Sunday, January 10, 2016: 11:20 AM
Room A704 (Atlanta Marriott Marquis)
Ariel Mae Lambe, University of Connecticut
Upon President Gerardo Machado’s overthrow in 1933, Cubans who had hoped and struggled for this outcome rejoiced.  They felt the jubilation of victory and the intense energy and momentum of progress during Ramón Grau San Martín’s brief presidency.  They believed for a short time that they were finally achieving democratic governance, an end to U.S. neocolonialism, and significant economic and social gains.  Then their victory fell apart as Fulgencio Batista rose to power. 

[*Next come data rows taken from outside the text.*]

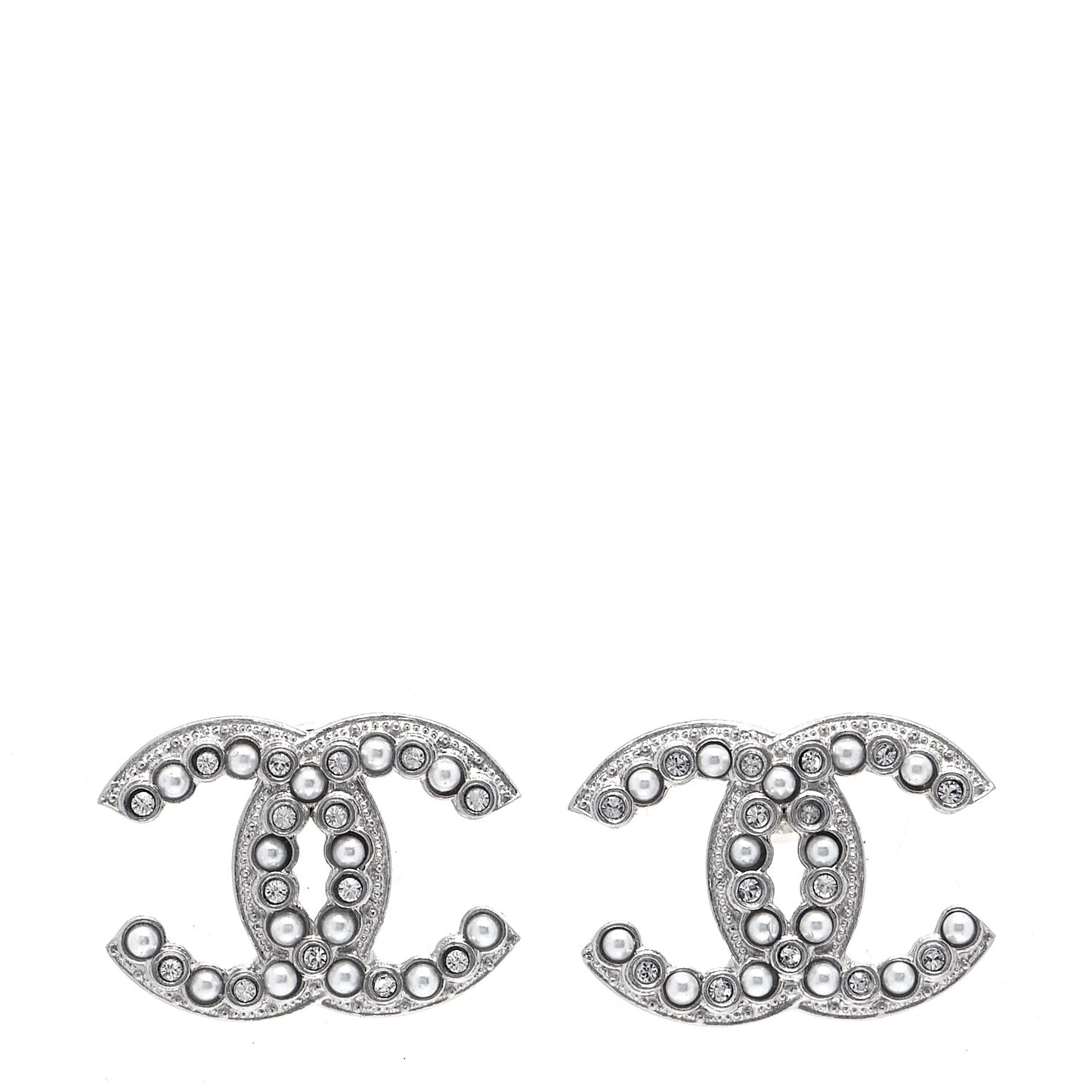 Crystal Pearl CC Earrings Silver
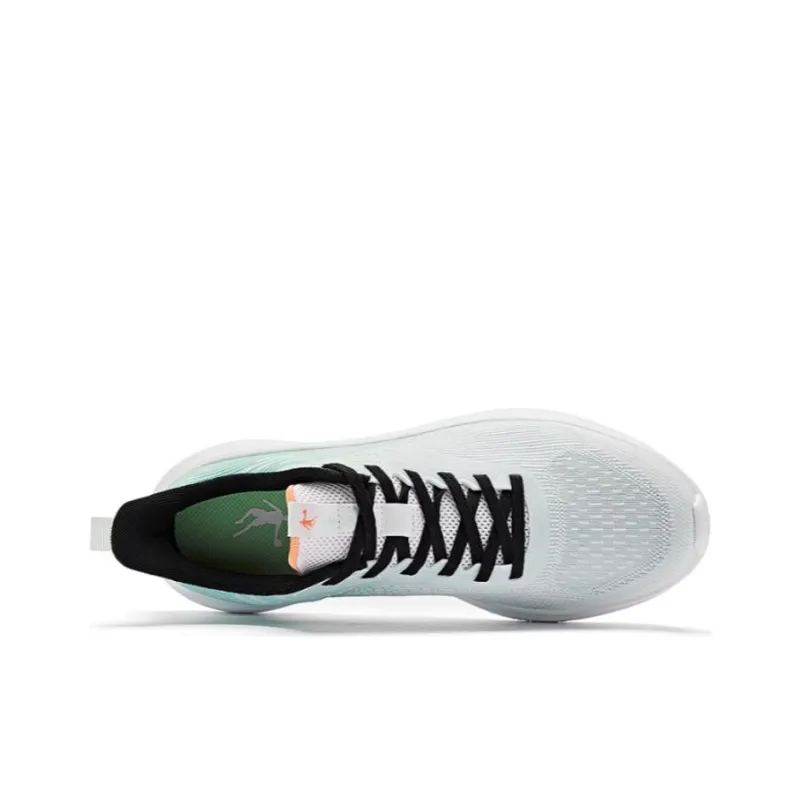QIAODAN Cushioned Wear-Resistant Moisture-Wicking Low-Top Running Shoes Men's White Green-3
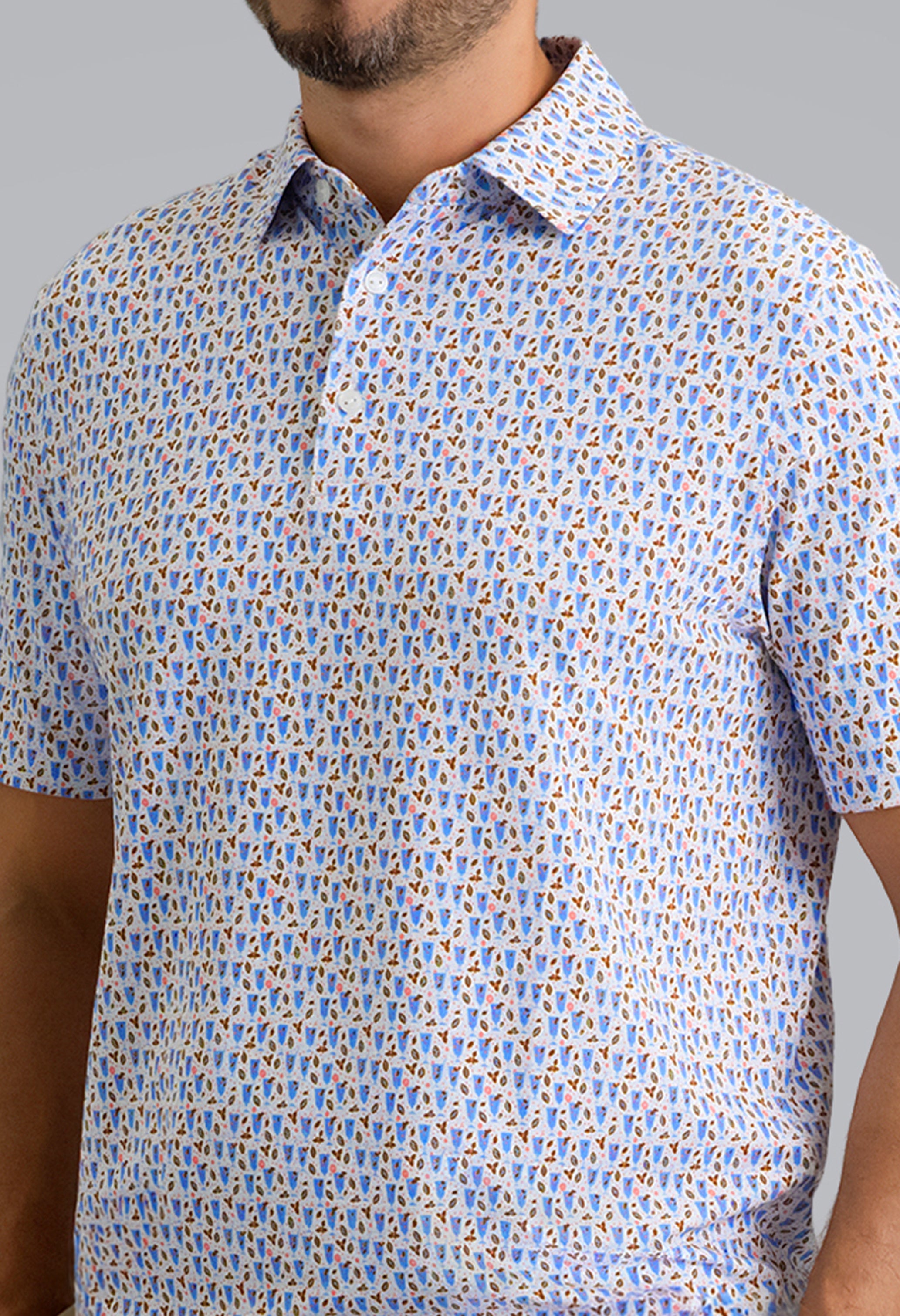 IBKÜL - Mint Julep Short Sleeve Polo - Color: Peach/Chocolate/Peri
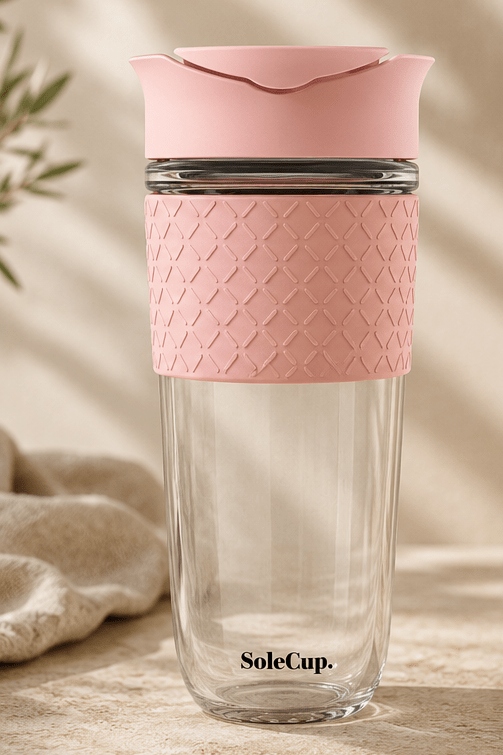 SoleCup Glas Reisebecher 340ml & 530ml mit Silikonhülle - MeVita Home-Reisebecher-rosa-530ml-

Interfering in the struggle against Machado, U.S. Special Ambassador Sumner Welles had attempted to arrange succession of power so as to avoid a revolutionary outcome—but he miscalculated Cuban popular feeling.  As a result, wrote student activist Teté Casuso, Welles found himself “confronted by a broken dike.”  The attempt to avoid revolution had “only succeeded in filling the dam till it burst.”  It would take Batista’s ascendance to quiet the raging waters of political and social unrest.

By 1936 Batista’s forces had achieved the peace and quiet Welles desired in 1933.  Casuso’s metaphoric dam was rebuilt and the revolutionary waters once again contained.  Despite their defeat, Cubans like Casuso and her husband Pablo de la Torriente Brau remained thirsty.  Stuck in exile in the scorching New York summer of 1936, Torriente began to dream of water.  Parched for action and feverish with revolutionary hope, he sought “the great river of revolution” in Spain, noting wistfully that the conflict that erupted there that summer could teach Cuba “that when a people wishes to fight to the death for its ideals and necessities, there is no barrier that can contain it.” 

This paper examines how transnational antifascist activism in support of the Spanish Republic served to sustain revolutionary hope in Cubans defeated by Batista’s rise, and the significance of this sustenance for the island’s domestic politics.